» **Task directions**: Repeat the listing exactly. The images do not belong in the copy.

+ + + + +

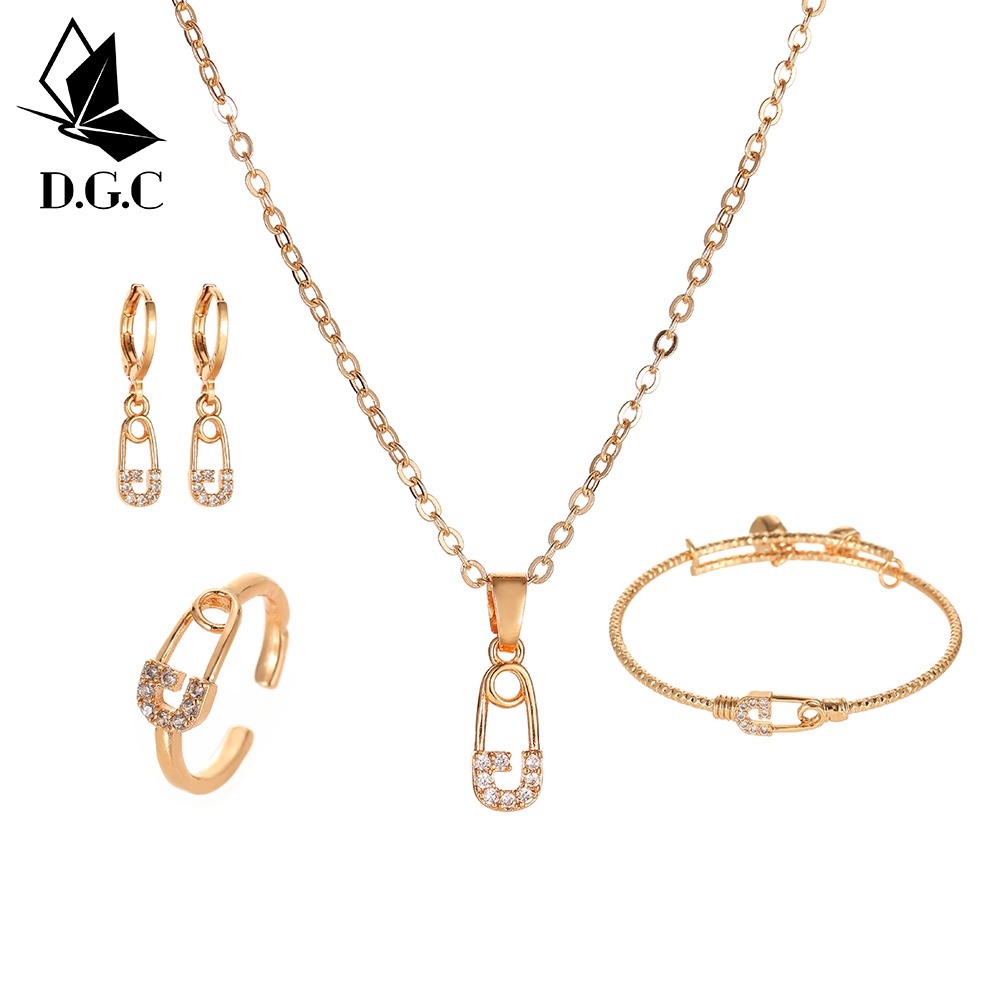 ♥D.G.C✨Titanium Set Perhiasan Anak Perempuan Satu Set Kalung Gelang Anting Korea Cincin Murah D467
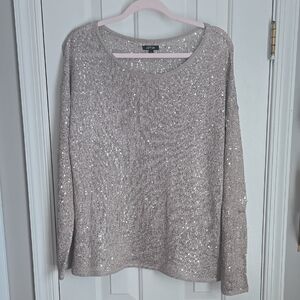 Apt. 9 Shimmering Beige Sequin Top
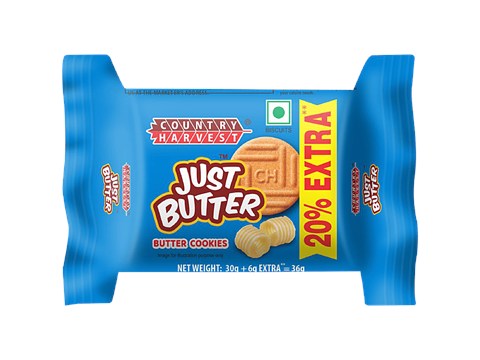 Country Harvest Just Butter Cookies - Perfect Tea Time Snack, 36 g
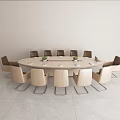 Light Luxury Aesthetic Conference Table Simple Oval Large Set Negotiation Table High-end Conference Room Table and Chair Combination 3d model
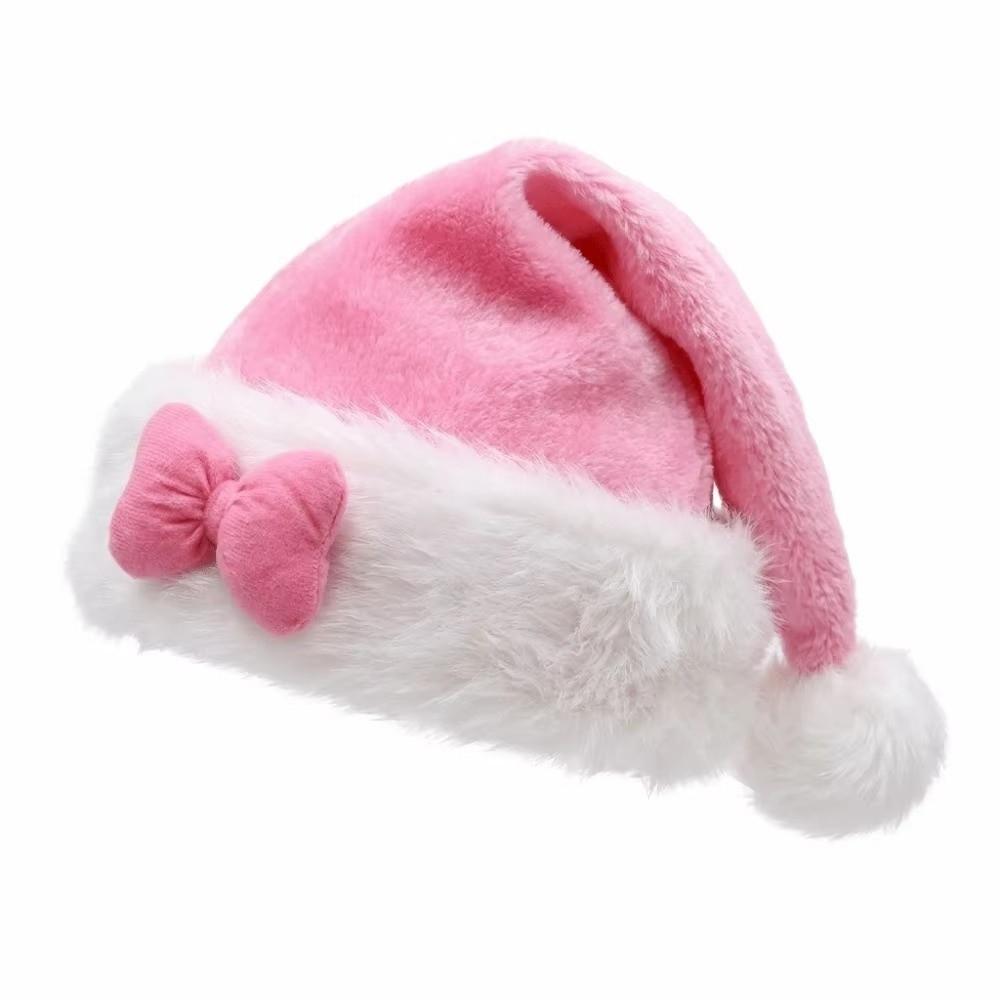 Fluffy Santa Hat Pink Bow Red White Plush Hat New Christmas Hat for Christmas Party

+ + + + +

» **Response area**:
 ♥D.G.C✨Titanium Set Perhiasan Anak Perempuan Satu Set Kalung Gelang Anting Korea Cincin Murah D467
 Apt. 9 Shimmering Beige Sequin Top
 Country Harvest Just Butter Cookies - Perfect Tea Time Snack, 36 g
 Light Luxury Aesthetic Conference Table Simple Oval Large Set Negotiation Table High-end Conference Room Table and Chair Combination 3d model
 Fluffy Santa Hat Pink Bow Red White Plush Hat New Christmas Hat for Christmas Party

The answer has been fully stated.